* WHAT YOU HAVE TO DO *
The lines below from the one with "4201 E Stapp, Visalia, CA 93292 photo 11" up to and including the one with "Vintage 80s Gold" are what you should set down, exactly and without pictures.

-- SOURCE RECORDS follows --

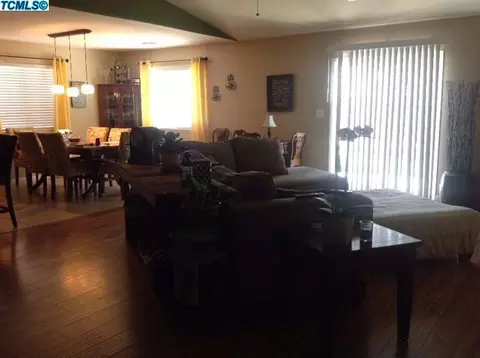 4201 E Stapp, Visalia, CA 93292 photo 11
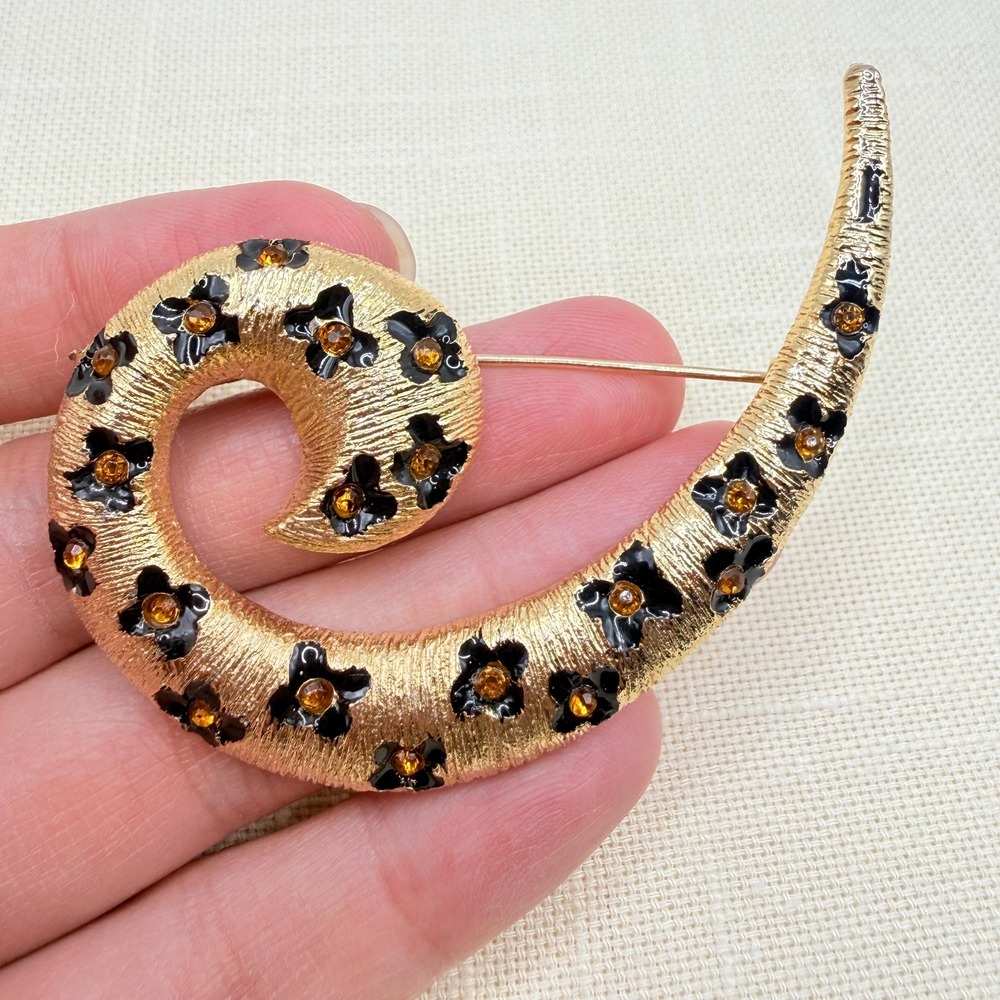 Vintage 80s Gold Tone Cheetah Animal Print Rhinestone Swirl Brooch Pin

-- SOURCE RECORDS concluded --
-- SOURCE RECORDS follows --

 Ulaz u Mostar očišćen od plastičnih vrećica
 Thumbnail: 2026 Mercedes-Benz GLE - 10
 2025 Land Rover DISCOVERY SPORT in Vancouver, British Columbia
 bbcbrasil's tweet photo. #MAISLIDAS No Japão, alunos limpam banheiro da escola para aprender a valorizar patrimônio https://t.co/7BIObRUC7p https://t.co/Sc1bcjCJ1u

-- SOURCE RECORDS concluded --
-- SOURCE RECORDS follows --

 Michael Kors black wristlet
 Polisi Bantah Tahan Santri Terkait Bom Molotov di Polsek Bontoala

-- SOURCE RECORDS concluded --

* ANSWER BOX *
 4201 E Stapp, Visalia, CA 93292 photo 11
 Vintage 80s Gold Tone Cheetah Animal Print Rhinestone Swirl Brooch Pin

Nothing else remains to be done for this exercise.